Hi Jeon50 and Black Sheep,

Thankyou for your replys, I have a better idea now. Do either of you know if I need 12 months bank statements, or is it 6 months, welfare website says the latter but form says the former. I rang the bank today, they said its unusual for 12 months, and also the charge is something like €30 and a 10 working day wait. Thanks again for your help so far.  Brockdish40


----------



## JEON50 (18 Nov 2010)

You will need 6 month's bank statements, I did not have all my statements, but they accepted, internet bank statements, If you have any loans, also give evidence of them. Get your application in straight away, as if awarded, it will be back dated to the date of application

Best of Luck


----------



## brockdish40 (18 Nov 2010)

Hi Jeon50,
Thanks for quick reply, your on the ball.
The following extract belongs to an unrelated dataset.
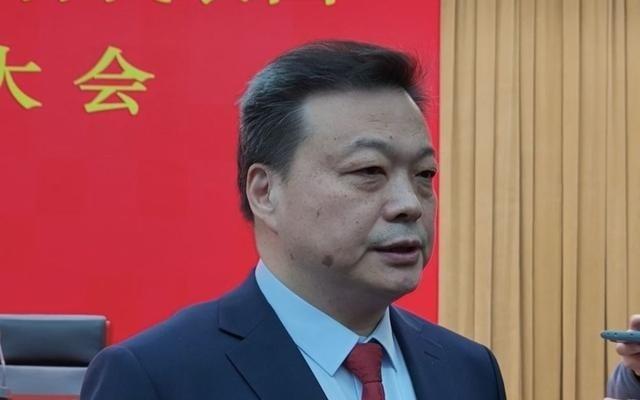 米兰冬奥会中国体育代表团秘书长王磊：亮点和挑战并存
Thanks for the advice.

All the best


----------



## gipimann (18 Nov 2010)

JEON50 said:


> Get your application in straight away, as if awarded, it will be back dated to the date of application
> 
> Best of Luck


 
Just to point out that the DA application cannot be paid while the illness benefit is in payment, so even if the application were submitted next week, the claim can't be "effective" until January when the OP's Illness Benefit runs out.  So there is time for the OP to get the documentation together without losing out.


----------



## brockdish40 (18 Nov 2010)

Hi Gipiman,
Thanks for that, Ill get this all sorted out tomorrow. You guys are great with all this help. I hope one day to return the favor.

All the best


----------